Table 5 lists the comparison results of fuel consumption for different EMSs under three cycle sets with SOC correction. It can be noted that the fuel-saving effect of the double QL method is better than that of the QL method because the double QL avoids the overestimation of the values caused by a single Q matrix in the QL method. Moreover, since the SOC curve of the double QL method is applied as the reference trajectory, fuel consumption of the proposed method is also closer to the double QL method. Furthermore, when compared to the SDP method, the fuel consumption of the proposed method is 2.73%, 3.38%, and 1.57% higher under the three different driving cycles, respectively, and is approximately closer to that of the SDP method. In addition, the fuel consumption of the proposed method is only 0.32% when compared to that of the QL method under a 12-KM2 driving cycle.

TABLE 5

TABLE 5. Comparison of the fuel consumption result of different methods.

The SOC curves of different EMSs are shown in Figure 13. As the penalty function of adding the SOC in the rolling optimization process, it can be noted that the SOC trajectory of the proposed strategy can effectively track the reference trajectory and fluctuate around the reference trajectory. To further verify the effectiveness of the proposed method, Figure 14 depicts the engine efficiency of the SDP, double QL, and the proposed method under different verification cycles, from which it can be seen that these control methods make the engine work in a more efficient region.
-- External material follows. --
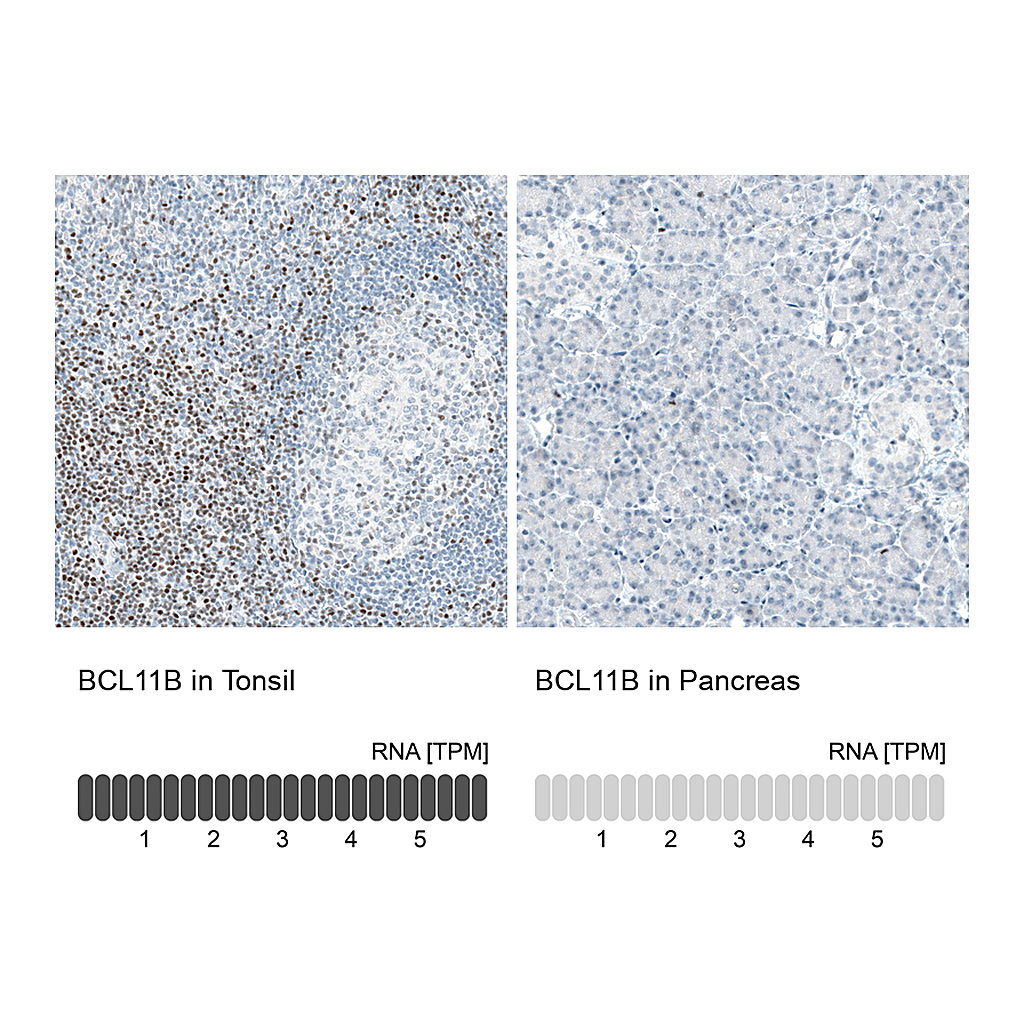 Atlas Antibodies Anti-BCL11B Antibody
Moreover, taking 12 KM2 as an example, the engine operating point of the proposed method is the closest one to the SDP method and therefore fuel consumption of the proposed strategy is also the closest method to that of the SDP method. In summary, different methods are utilized to compare fuel consumption, and the comparison results demonstrate that the proposed method features the effectiveness in fuel saving from different perspectives.

FIGURE 13

FIGURE 13. SOC curves of different methods: (A) Cycle 1; (B) 5 KM1; and (C) 12 KM2

FIGURE 14

FIGURE 14. Engine efficiency of different methods under different driving cycles: (A) Cycle 1; (B) 5 KM1; and (C) 12 KM2.

5.2 Tracking effect of different reference trajectories

The rolling optimization process and reference trajectory of the proposed method are based on the double QL offline controller. To further validate the learning effect of the proposed method, three different SOC reference trajectories, that include SDP, QL, and liner distance, are employed to validate the extension of the proposed method. Among them, the linear distance reference trajectory is given as

S O C_{d i s} (t) = S O C_{i n i t} - \frac{D i s_{d r i v e}}{D i s_{a l l}} (S O C_{i n i t} - S O C_{l o w}), (30)

where $S O C_{d i s} (t)$ denotes the linear distance for the reference SOC at time step $t$ . $S O C_{i n i t}$ indicates the initial SOC value, which is set as 0.9. $S O C_{l o w}$ means the final SOC value at the end of the driving cycle, which is set as 0.3. $D i s_{a l l}$ represents the distance of the entire driving cycle. $D i s_{d r i v e}$ stands for the distance that has been traveled.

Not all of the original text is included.